本研究將電磁訊號模擬結果圖像化應用於無人機目標物辨識，本研究會先針對無人機目標物的雷達截面積(Radar Cross Section,RCS)進行分析與討論，接著透過資料視覺化的方式將無人機目標物RCS數據轉為圖像形式，期望能藉由圖像辨識的方法快速地辨識出無人機目標物。
本研究的第一部分展示了在頻率26 GHz至40 GHz 範圍內的毫米波，使用電磁模擬軟體CST MICROWAVE STUDIO(CST MWS)計算得到無人機RCS的結果，同時對於無人機的尺寸、材質與主要的無人機零件進行探討，這有助於讓我們更好地瞭解到哪些因素會對無人機RCS造成影響。
本研究的第二部分將模擬得到的無人機RCS數據可視化，轉換成二維熱圖圖像，透過圖像的方式，解決RCS數據複雜且不易於分析的問題，接著分別對二維熱圖圖像進行無人機目標物辨識，本研究是使用差值哈希演算法(Difference Hash Algorithm)依照圖像的相似程度進行無人機識別，同時比較有加入圖像處理技術與沒有加入圖像處理技術的差別，圖像處理技術包含了圖像特徵提取 SIFT (Scale-Invariant Feature Transform)與圖像增強(Image Enhancement)，加入圖像特徵提取SIFT對於辨識結果的影響並不大，而加入圖像增強能有效改善辨識結果，另外也使用直方圖重合度的方法作為參考比對結果。

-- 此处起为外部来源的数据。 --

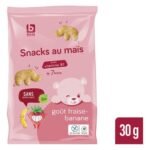 B Snacks maïs frais-ban.Bio SG 7m (30g)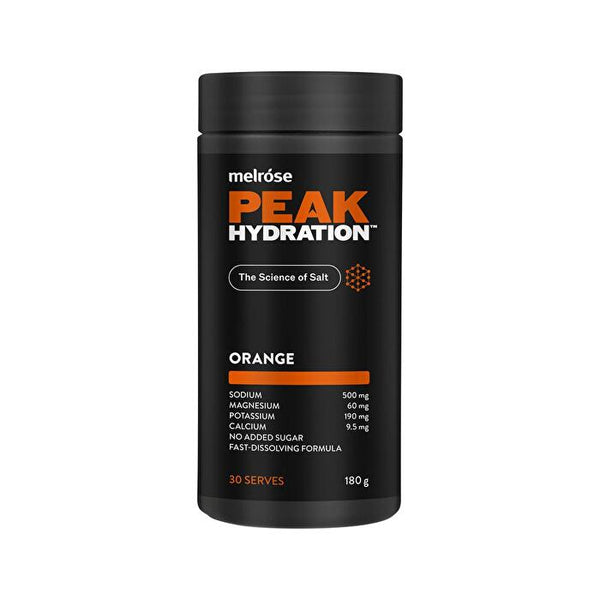 Melrose Health Melrose Peak Hydration Orange 180g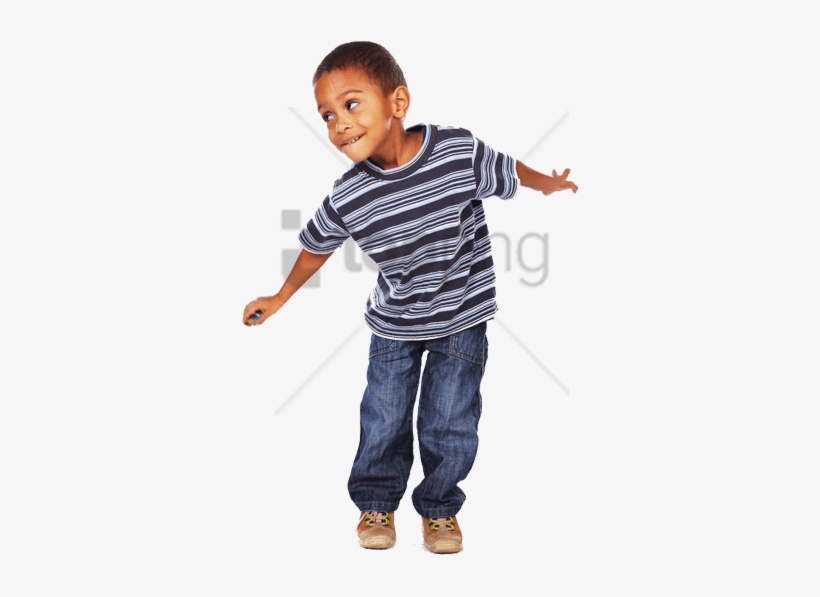 Free Png Children Walking Png Png Image With Transparent - Toddler, transparent png #9882229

The Radar Cross Section (RCS) indicates the scattering intensity of the target after being exposed to radar electromagnetic waves. This study will first analyze and discuss the RCS of drones, and then convert the complex RCS data into image form to perform Target Recognition of Drones according to the similarity of the images.

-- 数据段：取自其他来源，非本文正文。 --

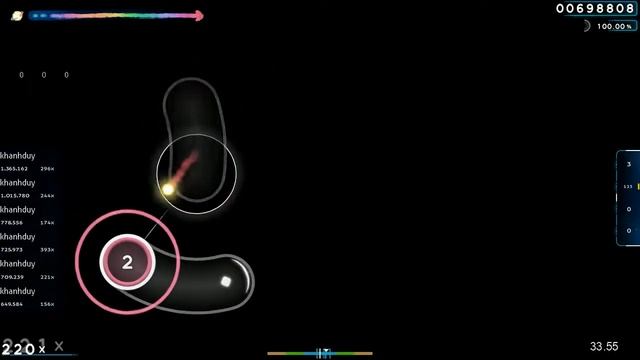 AiRI - Towa ni Saku Hana (short ver.) [Pata-Mon's Hard] 3,76* / 99,29% ||| khanhduy смотреть онлайн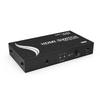 MT-viki HDMI 2-in-4-out Switcher with IR Remote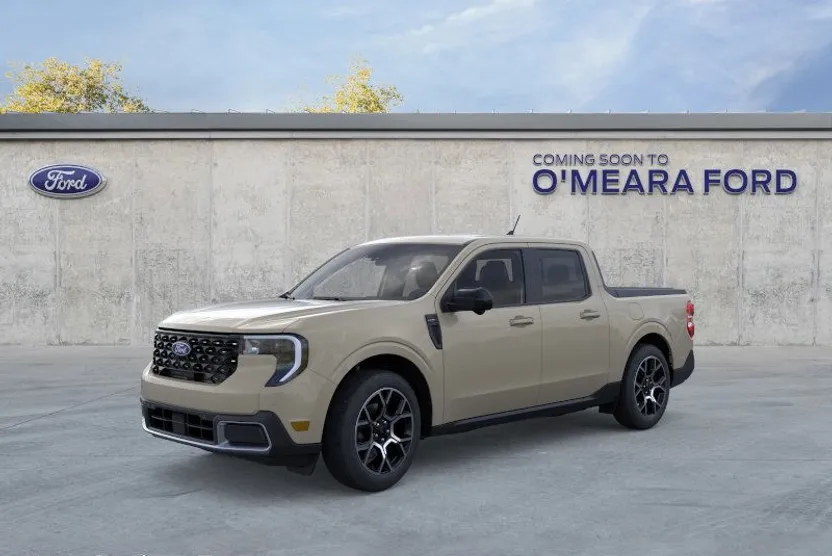 2025 Ford Maverick Lariat photo 1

CST MICROWAVE STUDIO (CST MWS) is a comprehensive electromagnetic simulation software that can calculate the RCS data of drones. We visualized the simulated RCS data of the drone and converted into a two-dimensional heat map image using the method of the Difference Hash Algorithm.We also compare the difference between the Difference Hash Algorithm with image processing technology and without image processing technology, which includes Scale-Invariant Feature Transform (SIFT) and image enhancement. Adding SIFT to the image feature extraction does not have much effect on the recognition results while adding image enhancement can effectively improve the recognition results. The method of the Histogram Coincidence is also used as a reference to compare the results.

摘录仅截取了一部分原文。